**Aim of the task:** Print out every record exactly as it appears.

[Records from a collection]
**********

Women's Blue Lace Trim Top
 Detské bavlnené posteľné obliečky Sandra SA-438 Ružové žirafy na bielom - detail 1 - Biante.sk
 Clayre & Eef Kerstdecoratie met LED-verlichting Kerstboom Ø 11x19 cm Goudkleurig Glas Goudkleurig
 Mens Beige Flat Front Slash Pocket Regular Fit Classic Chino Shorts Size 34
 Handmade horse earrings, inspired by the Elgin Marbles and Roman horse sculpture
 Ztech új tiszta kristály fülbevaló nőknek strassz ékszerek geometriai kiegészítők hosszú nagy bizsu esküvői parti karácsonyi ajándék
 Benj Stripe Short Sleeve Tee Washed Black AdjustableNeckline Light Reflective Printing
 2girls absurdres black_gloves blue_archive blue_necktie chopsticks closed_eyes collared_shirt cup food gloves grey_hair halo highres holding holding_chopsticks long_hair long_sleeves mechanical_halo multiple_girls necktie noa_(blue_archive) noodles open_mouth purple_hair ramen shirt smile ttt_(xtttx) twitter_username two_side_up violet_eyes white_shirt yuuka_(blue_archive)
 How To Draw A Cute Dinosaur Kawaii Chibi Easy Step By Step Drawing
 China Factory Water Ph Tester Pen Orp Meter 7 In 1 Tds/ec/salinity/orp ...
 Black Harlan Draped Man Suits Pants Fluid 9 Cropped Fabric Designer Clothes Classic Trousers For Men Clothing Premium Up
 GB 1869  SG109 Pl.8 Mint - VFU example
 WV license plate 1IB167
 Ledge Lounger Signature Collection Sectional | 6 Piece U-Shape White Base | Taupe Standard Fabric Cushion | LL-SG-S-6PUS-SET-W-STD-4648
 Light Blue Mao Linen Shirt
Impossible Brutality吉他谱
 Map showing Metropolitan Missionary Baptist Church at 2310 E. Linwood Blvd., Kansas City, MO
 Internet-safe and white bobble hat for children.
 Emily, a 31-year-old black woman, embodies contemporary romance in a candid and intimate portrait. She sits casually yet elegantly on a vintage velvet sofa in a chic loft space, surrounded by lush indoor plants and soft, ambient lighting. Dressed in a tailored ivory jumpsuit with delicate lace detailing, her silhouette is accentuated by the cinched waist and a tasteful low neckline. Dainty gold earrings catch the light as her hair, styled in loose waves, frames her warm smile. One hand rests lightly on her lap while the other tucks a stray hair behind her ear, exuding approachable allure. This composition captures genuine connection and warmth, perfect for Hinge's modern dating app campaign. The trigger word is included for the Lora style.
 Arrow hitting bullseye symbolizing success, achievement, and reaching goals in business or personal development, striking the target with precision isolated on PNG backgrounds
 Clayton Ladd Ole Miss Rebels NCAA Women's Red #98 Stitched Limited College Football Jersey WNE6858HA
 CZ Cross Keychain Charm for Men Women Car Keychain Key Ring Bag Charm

**********

**Written solution:**
Women's Blue Lace Trim Top
 Detské bavlnené posteľné obliečky Sandra SA-438 Ružové žirafy na bielom - detail 1 - Biante.sk
 Clayre & Eef Kerstdecoratie met LED-verlichting Kerstboom Ø 11x19 cm Goudkleurig Glas Goudkleurig
 Mens Beige Flat Front Slash Pocket Regular Fit Classic Chino Shorts Size 34
 Handmade horse earrings, inspired by the Elgin Marbles and Roman horse sculpture
 Ztech új tiszta kristály fülbevaló nőknek strassz ékszerek geometriai kiegészítők hosszú nagy bizsu esküvői parti karácsonyi ajándék
 Benj Stripe Short Sleeve Tee Washed Black AdjustableNeckline Light Reflective Printing
 2girls absurdres black_gloves blue_archive blue_necktie chopsticks closed_eyes collared_shirt cup food gloves grey_hair halo highres holding holding_chopsticks long_hair long_sleeves mechanical_halo multiple_girls necktie noa_(blue_archive) noodles open_mouth purple_hair ramen shirt smile ttt_(xtttx) twitter_username two_side_up violet_eyes white_shirt yuuka_(blue_archive)
 How To Draw A Cute Dinosaur Kawaii Chibi Easy Step By Step Drawing
 China Factory Water Ph Tester Pen Orp Meter 7 In 1 Tds/ec/salinity/orp ...
 Black Harlan Draped Man Suits Pants Fluid 9 Cropped Fabric Designer Clothes Classic Trousers For Men Clothing Premium Up
 GB 1869  SG109 Pl.8 Mint - VFU example
 WV license plate 1IB167
 Ledge Lounger Signature Collection Sectional | 6 Piece U-Shape White Base | Taupe Standard Fabric Cushion | LL-SG-S-6PUS-SET-W-STD-4648
 Light Blue Mao Linen Shirt
Impossible Brutality吉他谱
 Map showing Metropolitan Missionary Baptist Church at 2310 E. Linwood Blvd., Kansas City, MO
 Internet-safe and white bobble hat for children.
 Emily, a 31-year-old black woman, embodies contemporary romance in a candid and intimate portrait. She sits casually yet elegantly on a vintage velvet sofa in a chic loft space, surrounded by lush indoor plants and soft, ambient lighting. Dressed in a tailored ivory jumpsuit with delicate lace detailing, her silhouette is accentuated by the cinched waist and a tasteful low neckline. Dainty gold earrings catch the light as her hair, styled in loose waves, frames her warm smile. One hand rests lightly on her lap while the other tucks a stray hair behind her ear, exuding approachable allure. This composition captures genuine connection and warmth, perfect for Hinge's modern dating app campaign. The trigger word is included for the Lora style.
 Arrow hitting bullseye symbolizing success, achievement, and reaching goals in business or personal development, striking the target with precision isolated on PNG backgrounds
 Clayton Ladd Ole Miss Rebels NCAA Women's Red #98 Stitched Limited College Football Jersey WNE6858HA
 CZ Cross Keychain Charm for Men Women Car Keychain Key Ring Bag Charm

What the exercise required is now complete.